Applying the Karpathy ratchet methodology to jobs-apply's interview conversion rate (currently ~0%) will identify at least 3 lockable configuration improvements within 10 iterations

ratchetcareeroptimization
Hypothesis

Applying the Karpathy ratchet methodology to jobs-apply's interview conversion rate (currently ~0%) will identify at least 3 lockable configuration improvements within 10 iterations

Result: pending

Changelog

DateSummary
2026-04-06Audited: last_audited stamped
2026-04-04Initial creation

Hypothesis

We bet that the Karpathy ratchet methodology : a tight loop of measure, hypothesize, implement, re-measure, lock gains : can drive interview conversion rate the same way it has driven quality metrics in other systems. The current jobs-apply interview rate from LinkedIn messages is 0%: 24 conversations, 12 of which were recruiter cold outreach, 0 of which were application responses. This metric is now measurable end-to-end via the Gmail crawl pipeline.

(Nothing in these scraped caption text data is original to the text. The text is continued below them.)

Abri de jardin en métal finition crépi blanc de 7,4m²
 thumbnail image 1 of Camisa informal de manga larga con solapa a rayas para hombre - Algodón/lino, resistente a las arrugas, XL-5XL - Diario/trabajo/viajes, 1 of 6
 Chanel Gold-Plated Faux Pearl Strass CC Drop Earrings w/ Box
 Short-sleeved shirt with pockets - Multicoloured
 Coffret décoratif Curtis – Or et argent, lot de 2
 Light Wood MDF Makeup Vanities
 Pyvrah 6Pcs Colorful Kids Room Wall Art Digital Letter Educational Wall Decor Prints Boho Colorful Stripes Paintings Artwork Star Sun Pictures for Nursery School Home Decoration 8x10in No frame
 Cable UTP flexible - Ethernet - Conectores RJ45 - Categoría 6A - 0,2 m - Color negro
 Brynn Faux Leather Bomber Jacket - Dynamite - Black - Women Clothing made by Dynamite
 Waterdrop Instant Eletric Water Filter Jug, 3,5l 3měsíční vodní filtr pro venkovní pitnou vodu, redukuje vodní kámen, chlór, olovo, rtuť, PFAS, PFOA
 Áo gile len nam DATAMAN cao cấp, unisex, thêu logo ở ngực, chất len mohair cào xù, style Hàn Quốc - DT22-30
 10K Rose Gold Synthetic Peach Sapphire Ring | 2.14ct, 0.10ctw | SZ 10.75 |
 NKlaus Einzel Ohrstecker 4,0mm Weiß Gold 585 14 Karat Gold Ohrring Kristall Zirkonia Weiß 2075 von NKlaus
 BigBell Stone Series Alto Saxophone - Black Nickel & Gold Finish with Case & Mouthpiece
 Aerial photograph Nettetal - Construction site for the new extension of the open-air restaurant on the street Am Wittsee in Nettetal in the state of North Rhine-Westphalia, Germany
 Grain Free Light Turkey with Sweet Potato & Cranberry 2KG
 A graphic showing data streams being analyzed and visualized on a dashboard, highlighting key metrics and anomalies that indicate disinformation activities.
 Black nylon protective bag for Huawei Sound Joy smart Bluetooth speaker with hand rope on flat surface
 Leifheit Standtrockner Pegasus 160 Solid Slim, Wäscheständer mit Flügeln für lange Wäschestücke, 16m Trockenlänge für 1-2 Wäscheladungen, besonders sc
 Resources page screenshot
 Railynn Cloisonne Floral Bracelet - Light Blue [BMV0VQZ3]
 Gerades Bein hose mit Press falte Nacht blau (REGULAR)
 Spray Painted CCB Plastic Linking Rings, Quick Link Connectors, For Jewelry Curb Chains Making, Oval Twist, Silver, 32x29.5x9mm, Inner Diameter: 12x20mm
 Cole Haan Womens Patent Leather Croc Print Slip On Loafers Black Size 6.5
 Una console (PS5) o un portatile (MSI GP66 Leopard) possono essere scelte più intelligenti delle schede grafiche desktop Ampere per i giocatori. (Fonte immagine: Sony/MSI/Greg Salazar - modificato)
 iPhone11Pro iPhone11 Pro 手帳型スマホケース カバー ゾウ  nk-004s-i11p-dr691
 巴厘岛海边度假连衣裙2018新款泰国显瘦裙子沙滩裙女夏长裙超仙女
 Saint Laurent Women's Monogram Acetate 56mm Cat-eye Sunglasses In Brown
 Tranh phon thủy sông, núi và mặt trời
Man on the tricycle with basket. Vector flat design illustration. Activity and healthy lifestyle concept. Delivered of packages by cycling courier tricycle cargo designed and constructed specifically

The key insight is that the experiment counter must load from disk: results.tsv is the global state, not in-memory counters. Every iteration must read the current locked floor before proposing a new experiment.

The hypothesis is that systematic experimentation on application quality dimensions : J-Score threshold, resume tailoring aggressiveness, cover letter personalization, company targeting criteria : will produce measurable interview conversion improvements within 10 iterations, because these are the variables closest to the decision that hiring managers make.

Method

  1. Define metric: Interview conversion rate = interviews / total_applications. Track via Gmail crawl pipeline (already classifies interview signals).
  2. Baseline measurement: current rate across all channels (LinkedIn, Greenhouse, Lever, Direct, Workday). Use the CHRO audit system data.
  3. Initialize ratchet: results.tsv in jobs-apply root with columns: experiment_id, config_param, value_before, value_after, metric_before, metric_after, locked
  4. Phase 1 (experiments 1-3): Vary J-Score minimum threshold. Current: accept all scores. Test: minimum 60, 70, 80. Hypothesis: higher quality targeting produces more interviews even with fewer applications.
  5. Phase 2 (experiments 4-6): Vary resume tailoring. Test: generic resume vs keyword-optimized vs full rewrite per posting. Measure callback rate.
  6. Phase 3 (experiments 7-10): Vary cover letter strategy. Test: no cover letter vs template vs AI-personalized vs STAR-format with company-specific hooks.
  7. Lock criterion: if an experiment improves interview conversion by >= 1pp AND doesn’t regress application volume by > 20%, lock it as the new floor.

Results

Pending. Baseline measurement required before iteration begins. Expected timeframe: 2-3 weeks per phase (need sufficient application volume for statistical significance).

Findings

Pending.

Next Steps

If confirmed, extract the cross-project ratchet configuration as a reusable template. Apply to bloomnet (data freshness) and redcorsair (API reliability) as described in the source idea.